Two studies conducted in two diabetic remote clinics in Kenya reported that patients preferred the teleophthalmology option for future ophthalmologic screenings compared to face to face screening as a cost-effective intervention in improving diabetic retinopathy screening (Kurji et al., 2013; Nanji et al., 2020). Specifically, on participant experience, patients were satisfied with the information they received from the teleophthalmology nurse with less consultation fees compared to the in-site consultant ophthalmologist visit. They did not see any reason for seeing an in-person ophthalmologist when the teleophthalmology nurse could address their issues via the telemedicine arrangement (Kurji et al., 2013). Furthermore, patients said they preferred to use teleophthalmology as their method of choice for future diabetic eye screenings, citing the time saved, convenience, and ability to view the inside of their eye (just like the ophthalmologist sees) as reasons that they favored the use of teleophthalmology.

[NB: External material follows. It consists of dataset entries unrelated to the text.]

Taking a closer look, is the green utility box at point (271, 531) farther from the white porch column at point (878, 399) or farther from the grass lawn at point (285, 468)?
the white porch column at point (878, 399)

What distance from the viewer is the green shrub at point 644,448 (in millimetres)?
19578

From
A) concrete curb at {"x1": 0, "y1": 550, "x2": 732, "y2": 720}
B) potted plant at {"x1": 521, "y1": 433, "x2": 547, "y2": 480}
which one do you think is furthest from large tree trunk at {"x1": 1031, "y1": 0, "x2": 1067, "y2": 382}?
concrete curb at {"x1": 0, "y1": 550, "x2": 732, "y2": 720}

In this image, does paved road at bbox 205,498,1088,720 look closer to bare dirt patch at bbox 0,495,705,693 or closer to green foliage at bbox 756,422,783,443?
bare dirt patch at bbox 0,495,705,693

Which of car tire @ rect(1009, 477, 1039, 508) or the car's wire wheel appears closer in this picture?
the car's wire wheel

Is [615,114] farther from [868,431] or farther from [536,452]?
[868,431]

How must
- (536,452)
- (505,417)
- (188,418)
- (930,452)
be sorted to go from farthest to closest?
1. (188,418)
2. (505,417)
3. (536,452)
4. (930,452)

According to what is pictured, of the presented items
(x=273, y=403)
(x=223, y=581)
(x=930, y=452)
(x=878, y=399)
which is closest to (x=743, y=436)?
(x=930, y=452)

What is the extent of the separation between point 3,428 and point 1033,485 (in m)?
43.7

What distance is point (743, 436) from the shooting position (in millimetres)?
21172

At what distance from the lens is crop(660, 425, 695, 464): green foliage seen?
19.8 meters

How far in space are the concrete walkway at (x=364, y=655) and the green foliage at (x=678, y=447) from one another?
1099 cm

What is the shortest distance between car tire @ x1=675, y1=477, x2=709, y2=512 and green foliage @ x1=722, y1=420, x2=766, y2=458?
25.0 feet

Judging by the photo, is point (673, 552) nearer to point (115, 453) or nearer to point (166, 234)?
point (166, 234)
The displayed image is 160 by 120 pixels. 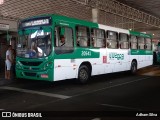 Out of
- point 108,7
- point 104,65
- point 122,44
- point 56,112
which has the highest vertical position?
point 108,7

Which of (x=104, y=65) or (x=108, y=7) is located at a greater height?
(x=108, y=7)

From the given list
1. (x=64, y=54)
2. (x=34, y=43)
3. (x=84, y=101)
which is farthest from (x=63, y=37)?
(x=84, y=101)

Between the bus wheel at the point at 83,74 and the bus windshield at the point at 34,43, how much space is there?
7.03 feet

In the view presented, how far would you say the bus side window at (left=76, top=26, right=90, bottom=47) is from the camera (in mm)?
11867

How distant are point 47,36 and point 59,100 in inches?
122

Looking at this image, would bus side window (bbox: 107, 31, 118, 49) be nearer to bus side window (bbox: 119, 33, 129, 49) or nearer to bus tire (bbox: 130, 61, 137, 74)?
bus side window (bbox: 119, 33, 129, 49)

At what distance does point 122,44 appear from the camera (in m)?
15.5

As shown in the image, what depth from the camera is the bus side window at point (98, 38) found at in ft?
42.2

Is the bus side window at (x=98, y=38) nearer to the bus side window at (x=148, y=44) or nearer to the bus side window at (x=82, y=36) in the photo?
the bus side window at (x=82, y=36)

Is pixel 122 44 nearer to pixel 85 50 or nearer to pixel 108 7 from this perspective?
pixel 85 50

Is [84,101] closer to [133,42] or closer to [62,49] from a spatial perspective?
[62,49]

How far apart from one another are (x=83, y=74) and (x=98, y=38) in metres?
2.17

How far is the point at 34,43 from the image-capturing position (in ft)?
36.1

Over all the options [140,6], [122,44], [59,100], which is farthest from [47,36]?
[140,6] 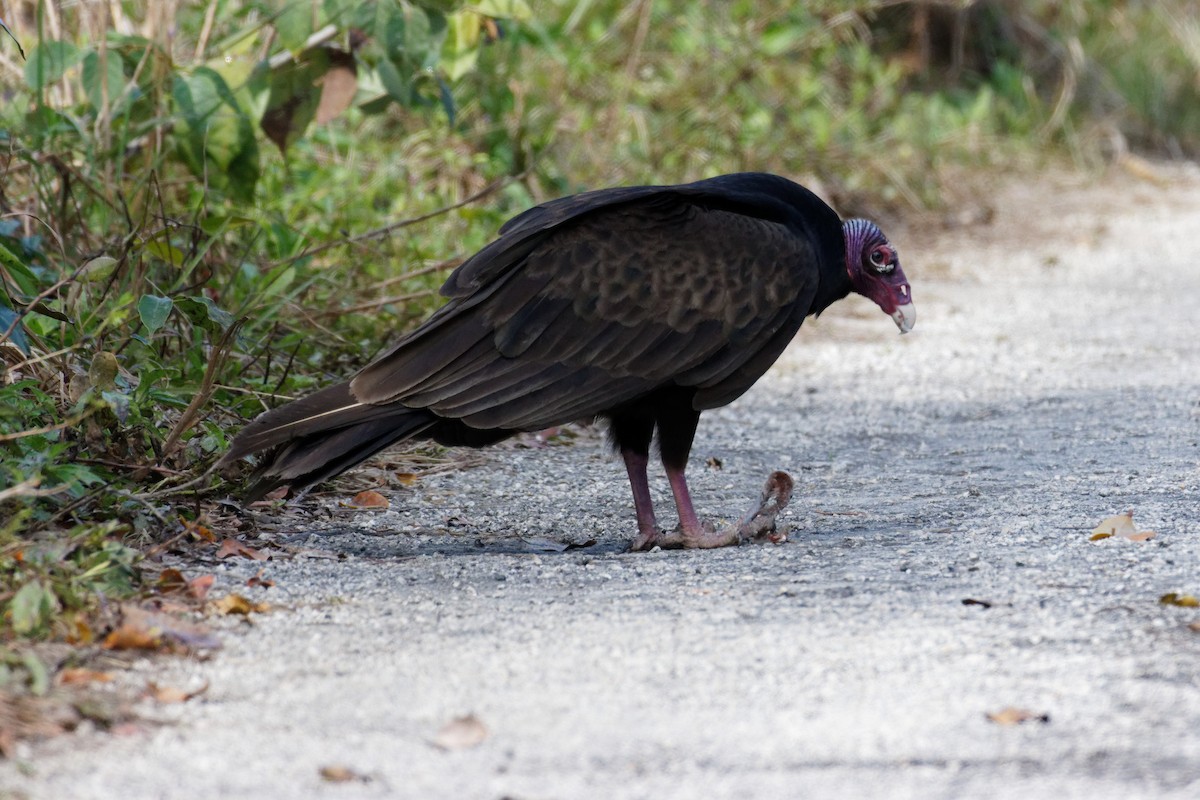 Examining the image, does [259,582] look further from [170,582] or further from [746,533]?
[746,533]

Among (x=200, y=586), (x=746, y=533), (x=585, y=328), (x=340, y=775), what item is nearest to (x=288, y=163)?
(x=585, y=328)

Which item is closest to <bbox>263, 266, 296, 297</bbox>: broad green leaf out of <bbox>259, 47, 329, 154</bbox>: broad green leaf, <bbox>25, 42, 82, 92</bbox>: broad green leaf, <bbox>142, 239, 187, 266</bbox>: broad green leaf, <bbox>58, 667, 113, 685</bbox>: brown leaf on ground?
<bbox>142, 239, 187, 266</bbox>: broad green leaf

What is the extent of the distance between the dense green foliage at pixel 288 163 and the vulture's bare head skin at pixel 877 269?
127 cm

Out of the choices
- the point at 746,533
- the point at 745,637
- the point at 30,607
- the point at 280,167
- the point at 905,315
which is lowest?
the point at 746,533

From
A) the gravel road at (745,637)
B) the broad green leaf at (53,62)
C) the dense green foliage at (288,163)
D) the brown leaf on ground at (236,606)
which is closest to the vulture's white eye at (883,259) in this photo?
the gravel road at (745,637)

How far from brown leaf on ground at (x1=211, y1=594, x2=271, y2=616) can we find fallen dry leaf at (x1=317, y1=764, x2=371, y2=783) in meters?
0.80

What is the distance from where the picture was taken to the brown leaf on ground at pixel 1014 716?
2.39 metres

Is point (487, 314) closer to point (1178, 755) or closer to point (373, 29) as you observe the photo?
point (373, 29)

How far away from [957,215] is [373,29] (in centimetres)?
540

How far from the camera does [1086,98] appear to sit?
11.3 m

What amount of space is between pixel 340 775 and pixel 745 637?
909 millimetres

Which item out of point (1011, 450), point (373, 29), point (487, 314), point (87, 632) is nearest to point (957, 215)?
point (1011, 450)

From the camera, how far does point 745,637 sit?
2811 mm

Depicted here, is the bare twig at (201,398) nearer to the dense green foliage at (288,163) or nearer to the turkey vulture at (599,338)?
the dense green foliage at (288,163) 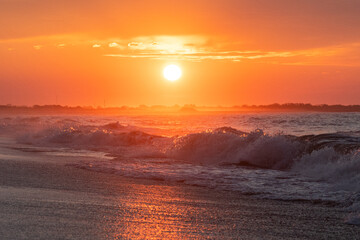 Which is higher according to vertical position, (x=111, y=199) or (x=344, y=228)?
(x=111, y=199)

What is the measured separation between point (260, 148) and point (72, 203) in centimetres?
943

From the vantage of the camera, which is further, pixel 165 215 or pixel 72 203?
pixel 72 203

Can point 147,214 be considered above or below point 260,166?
below

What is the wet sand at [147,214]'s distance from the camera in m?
5.09

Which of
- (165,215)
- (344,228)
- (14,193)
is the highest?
(14,193)

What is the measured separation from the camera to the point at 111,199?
7230 mm

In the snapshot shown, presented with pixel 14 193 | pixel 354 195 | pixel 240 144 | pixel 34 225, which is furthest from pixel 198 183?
pixel 240 144

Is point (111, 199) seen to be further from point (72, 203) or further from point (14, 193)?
point (14, 193)

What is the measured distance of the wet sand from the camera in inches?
201

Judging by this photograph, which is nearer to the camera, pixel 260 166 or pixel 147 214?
pixel 147 214

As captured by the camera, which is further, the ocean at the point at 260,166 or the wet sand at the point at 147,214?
the ocean at the point at 260,166

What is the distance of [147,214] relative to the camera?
6.08 m

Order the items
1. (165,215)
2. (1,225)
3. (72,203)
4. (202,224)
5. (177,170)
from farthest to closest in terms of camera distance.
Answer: (177,170) → (72,203) → (165,215) → (202,224) → (1,225)

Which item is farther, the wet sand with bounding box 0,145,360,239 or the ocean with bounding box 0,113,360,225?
the ocean with bounding box 0,113,360,225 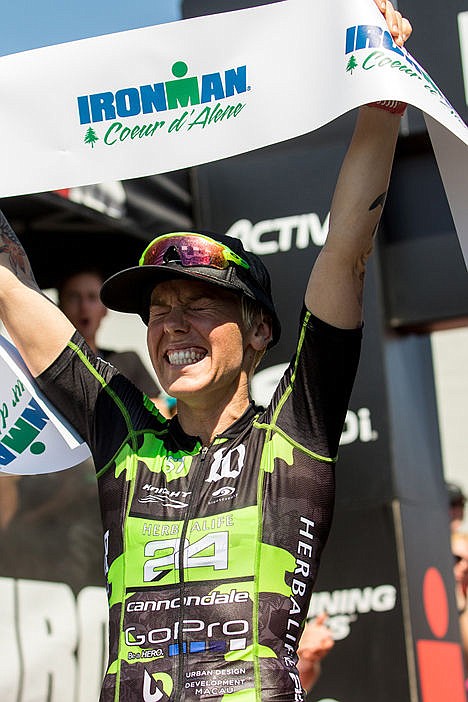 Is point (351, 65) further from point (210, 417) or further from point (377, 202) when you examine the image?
point (210, 417)

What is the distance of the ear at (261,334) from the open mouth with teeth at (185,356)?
15 centimetres

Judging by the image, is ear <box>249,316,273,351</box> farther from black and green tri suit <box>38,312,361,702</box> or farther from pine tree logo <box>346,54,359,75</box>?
pine tree logo <box>346,54,359,75</box>

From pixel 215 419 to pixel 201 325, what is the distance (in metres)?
0.22

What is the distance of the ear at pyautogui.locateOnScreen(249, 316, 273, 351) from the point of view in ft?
9.27

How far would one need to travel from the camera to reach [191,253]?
8.98ft

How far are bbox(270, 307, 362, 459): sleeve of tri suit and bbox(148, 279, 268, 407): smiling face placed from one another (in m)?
0.18

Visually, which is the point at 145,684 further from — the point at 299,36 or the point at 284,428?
the point at 299,36

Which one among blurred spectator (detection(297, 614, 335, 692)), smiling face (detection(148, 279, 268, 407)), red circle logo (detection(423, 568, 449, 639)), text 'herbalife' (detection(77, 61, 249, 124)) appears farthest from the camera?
red circle logo (detection(423, 568, 449, 639))

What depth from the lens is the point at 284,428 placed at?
2.62 metres

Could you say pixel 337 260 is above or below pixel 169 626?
above

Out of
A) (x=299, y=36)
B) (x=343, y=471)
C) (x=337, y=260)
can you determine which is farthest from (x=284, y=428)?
(x=343, y=471)

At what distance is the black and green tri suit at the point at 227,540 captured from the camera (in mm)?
2424

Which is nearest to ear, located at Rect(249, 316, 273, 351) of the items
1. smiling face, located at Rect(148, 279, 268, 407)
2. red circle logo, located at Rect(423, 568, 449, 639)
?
smiling face, located at Rect(148, 279, 268, 407)

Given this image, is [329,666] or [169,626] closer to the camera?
[169,626] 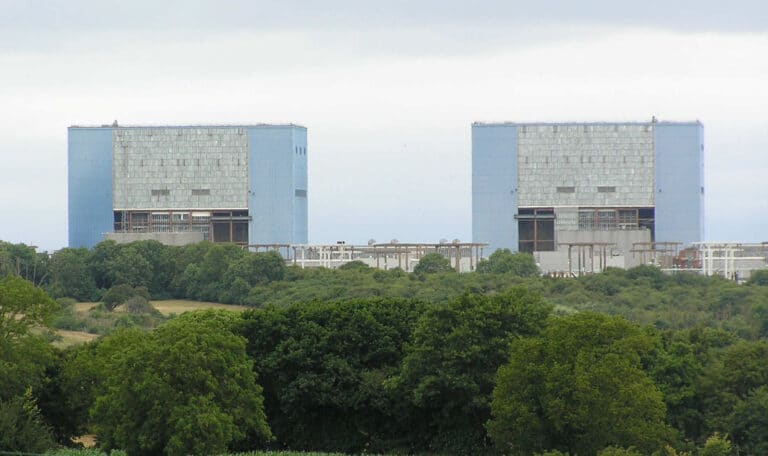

The six studies that used text messaging for diabetic self-management showed that diabetic patients were comfortable with the idea of receiving health promotion-related messaging on their phone but wanted a way to easily distinguish health messaging from spam messages (Leon et al., 2021; Webb & Rheeder, 2017). Participants also wanted the messages to be customized to include an option of receiving messages in their first language and to avoid medical jargon so that they could easily understand the text message (Leon et al., 2021; Webb & Rheeder, 2017). Findings showed that glycemic control, increased confidence in self-care, as well as reduction in diabetic complications improved dramatically with a dedicated intervention team (Rotheram-Borus et al., 2012). Importantly, however, text messaging was not always an effective intervention. For example, a study conducted in South Africa reported that a text messaging intervention did not bring about any significant improvement in medication, dietary, or physical activity adherence levels, and suggested the need to design more effective strategies for improving adherence to recommended lifestyle changes in this setting (Owolabi et al., 2019).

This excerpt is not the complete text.